On August 8, 1973, Brown pleaded guilty to armed robbery. On August 17, 1973, Brown requested the court to postpone sentencing until he had completed his federal sentence or had been paroled therefrom. The court granted his motion. Subsequently, on November 8, 1973, Brown filed a motion requesting that the court impose a sentence and run it concurrent to his federal sentence. The trial court granted Brown's motion and sentenced him to ten years to run concurrent with his federal sentence. Brown was not present at the sentencing because he waived his right to be present in the affidavit attached to his motion. Brown has exhausted his state court remedies.

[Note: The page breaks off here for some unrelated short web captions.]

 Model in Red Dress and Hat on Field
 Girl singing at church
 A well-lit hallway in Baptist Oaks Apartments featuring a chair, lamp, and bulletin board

In his habeas petition now under consideration by this court, Brown attacked his 1973 conviction on the basis that he was wrongly sentenced in absentia and that his 1973 guilty plea was invalid. The matter was referred to a magistrate judge, who determined that the district court lacked statutory authority and jurisdiction to review this petition, because Brown was no longer "in custody" for the 1973 conviction but, rather, was serving a sentence on a later conviction. The magistrate judge relied on the Supreme Court holding in Maleng v. Cook, 490 U.S. 488 (1989) (per curiam). After reviewing this report and recommendation, as well as Brown's objection to that report, the district court adopted the report in its entirety, concurring in the magistrate judge's finding that Brown was no longer "in custody" on the basis of his 1973 conviction at the time his current petition was filed. The district court dismissed the petition, with prejudice, by judgment dated March 29, 1994.
Upon review, we affirm the district court's judgment because the district court was without jurisdiction to entertain Brown's petition. See Gavin v. Wells, 914 F.2d 97, 98 (6th Cir.1990).
A habeas petitioner is not "in custody" to meet the requirement under 28 U.S.C. Sec. 2254(a), for purposes of reviewing the habeas petition, when the sentence imposed for that conviction has fully expired at the time the petition is filed. Maleng, 490 U.S. at 491. Brown was not in custody for the purposes of Sec. 2254(a). As the magistrate judge correctly points out, during a state post-conviction hearing, Brown testified that following imposition of sentence on November 19, 1973, he remained in custody for a period of time before being released. He further testified that after being released he was later convicted in 1977 on new charges. Importantly, Brown testified that he has been continuously in custody since February 20, 1983. Based on this testimony, it appears that the ten year sentence under attack has fully expired by its own terms. Brown has continuously been in prison for more than ten years preceding the filing of this petition on March 29, 1993. The 1973 sentence was to run concurrently with Brown's other existing sentences in 1973. Upon his reincarceration on February 20, 1983, Brown would have begun serving time toward his ten year sentence on that date. See Ky.Rev.Stat. Sec. 439.352; Wallace v. Wingo, 453 S.W.2d 557 (Ky.1970) (a parolee who is convicted and sentenced must serve the remainder of his old sentence and then his new sentence).
Brown's remaining claims on appeal are without merit.
Accordingly, the district court's judgment is affirmed. Rule 9(b)(3), Rules of the Sixth Circuit.